Noah ridacchiò al sentir quell'affermazione. L'umano aggrottò la fronte. «Stai ridendo di me? Sai che sono l'eroe di questa città!»

Una gioiosa risata proruppe nuovamente nell'orecchio del giovane. «Bene, sai che ti dico? Non verrò neanche a farti visita!»

Lo sceriffo continuò a schernirlo per tutto il tragitto, ricordandogli quanto, in realtà, lui fosse imbranato.
Era l'essere più imbranato dell'intera cittadina. Come diavolo era riuscito a far parte del FBI?

Non poteva ancora crederci.
La sua murder board aveva aiutato molto negli anni del liceo, pensò. Un velo di nostalgia si fece largo nelle sue vene.

«Okay, vecchio. Penso proprio sia il momento di-»

I fari dell'auto illuminarono una sagoma che correva ad alta velocità per l'oscuro sentiero. Frenò immediatamentamente, le ruote striderono dando vita ad un rumore fastidioso. Interruppe in fretta la chiamata.

«Ma che diavolo!» imprecò, scese controvoglia dalla macchina per poi constatare con puro terrore che aveva appena colpito un uomo. Riusciva a malapena a vederne i lineamenti del volto.

«Oh buon Dio!» esclamò Stiles, gli occhi sbarrati. Si chinò sul corpo steso sul terreno, pensava fosse morto fin quando non lo sentì tossire.

Esalò un sospiro di sollievo. «Sei vivo, sei vivo...»

«Questa volta non hai dovuto schiaffeggiarmi. Sei cresciuto, a quanto pare.»

Era lui, la sua voce. Era tornato.

Stiles cacciò un urlo tutt'altro che virile, cadde all'indietro. Derek si alzò senza alcuno sforzo, gli tese una mano. «Non sei poi così cambiato, dopotutto.»

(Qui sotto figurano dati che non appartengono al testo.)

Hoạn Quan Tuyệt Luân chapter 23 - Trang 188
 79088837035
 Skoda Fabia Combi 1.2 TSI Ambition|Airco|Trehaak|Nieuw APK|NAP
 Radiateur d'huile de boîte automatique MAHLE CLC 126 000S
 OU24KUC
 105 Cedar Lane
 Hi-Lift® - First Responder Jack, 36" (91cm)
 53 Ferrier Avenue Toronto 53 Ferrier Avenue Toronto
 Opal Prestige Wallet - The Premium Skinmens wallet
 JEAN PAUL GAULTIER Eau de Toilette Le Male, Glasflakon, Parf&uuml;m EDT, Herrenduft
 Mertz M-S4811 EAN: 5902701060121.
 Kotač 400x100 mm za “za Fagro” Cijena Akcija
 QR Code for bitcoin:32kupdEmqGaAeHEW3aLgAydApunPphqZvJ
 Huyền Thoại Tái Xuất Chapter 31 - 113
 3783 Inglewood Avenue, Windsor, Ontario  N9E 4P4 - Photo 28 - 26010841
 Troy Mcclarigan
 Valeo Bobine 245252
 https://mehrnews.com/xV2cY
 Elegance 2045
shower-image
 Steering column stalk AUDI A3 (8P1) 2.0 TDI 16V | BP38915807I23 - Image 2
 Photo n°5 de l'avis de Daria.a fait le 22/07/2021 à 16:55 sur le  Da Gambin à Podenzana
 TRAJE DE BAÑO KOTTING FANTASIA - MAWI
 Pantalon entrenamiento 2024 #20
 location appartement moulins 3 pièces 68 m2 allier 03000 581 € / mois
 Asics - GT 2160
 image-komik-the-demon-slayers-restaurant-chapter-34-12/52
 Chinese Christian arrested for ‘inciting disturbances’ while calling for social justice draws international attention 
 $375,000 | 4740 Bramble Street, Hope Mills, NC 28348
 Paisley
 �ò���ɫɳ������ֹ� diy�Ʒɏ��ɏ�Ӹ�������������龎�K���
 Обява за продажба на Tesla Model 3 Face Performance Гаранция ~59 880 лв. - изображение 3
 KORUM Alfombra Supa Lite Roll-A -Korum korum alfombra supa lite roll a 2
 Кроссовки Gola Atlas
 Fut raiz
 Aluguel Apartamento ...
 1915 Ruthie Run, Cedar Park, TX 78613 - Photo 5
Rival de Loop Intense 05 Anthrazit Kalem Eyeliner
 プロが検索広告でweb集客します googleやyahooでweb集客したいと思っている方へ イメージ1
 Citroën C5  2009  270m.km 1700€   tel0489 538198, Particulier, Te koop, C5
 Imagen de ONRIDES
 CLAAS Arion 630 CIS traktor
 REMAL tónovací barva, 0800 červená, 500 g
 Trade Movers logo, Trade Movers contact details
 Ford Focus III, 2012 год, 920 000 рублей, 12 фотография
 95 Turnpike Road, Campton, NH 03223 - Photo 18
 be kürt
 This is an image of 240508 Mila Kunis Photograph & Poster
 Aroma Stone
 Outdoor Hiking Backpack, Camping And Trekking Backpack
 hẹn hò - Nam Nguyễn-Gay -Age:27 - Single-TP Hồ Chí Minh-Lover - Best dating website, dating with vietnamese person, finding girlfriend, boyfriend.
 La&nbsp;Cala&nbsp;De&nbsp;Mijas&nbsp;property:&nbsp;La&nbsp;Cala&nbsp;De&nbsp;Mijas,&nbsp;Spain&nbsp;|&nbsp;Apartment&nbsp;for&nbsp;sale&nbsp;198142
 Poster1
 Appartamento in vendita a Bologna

Stiles continuò a fissarlo con aria incredula. «Der, che ci fai qui?» domandò, aggrappandosi al braccio del compagno per rimettersi in piedi. Si sistemò la sua camicia a quadri rossa sgualcita.

L'altro deglutì. «Stavo facendo due passi, sai.»

Il più giovane digrignò i denti. «Dopo due anni.» Era forse rancore quello che provava nei suoi confronti?

Derek alzò un sopracciglio, fingendo di non percepire i sentimenti contrastanti che l'umano stava provando in quel momento. «Posso comunque salire in macchina o...?»

«Ti lascerei volentieri a piedi, ma io, a differenza tua, ho ancora un cuore» rispose Stiles, aprendo il proprio sportello.
«Forza, sali» lo incitò, infilando le chiavi nella serratura.

Derek sorrise nel vedere l'autovettura devastata come suo solito. «È come se il tempo si fosse fermato da quando ho lasciato questa città. Tutto è com'era una volta, nessun mutamento.» Chiuse la portiera alla sua destra, e la Jeep iniziò ad avanzare lentamente.

«Non tutto, non tutti

Il più grande abbassò lo sguardo. «Stiles-»

«Non dire nulla, ti prego» mormorò l'umano, i suoi occhi velati da lacrime salate. Tenne il volante con fermezza, nonostante le mani stessero tremando visibilmente.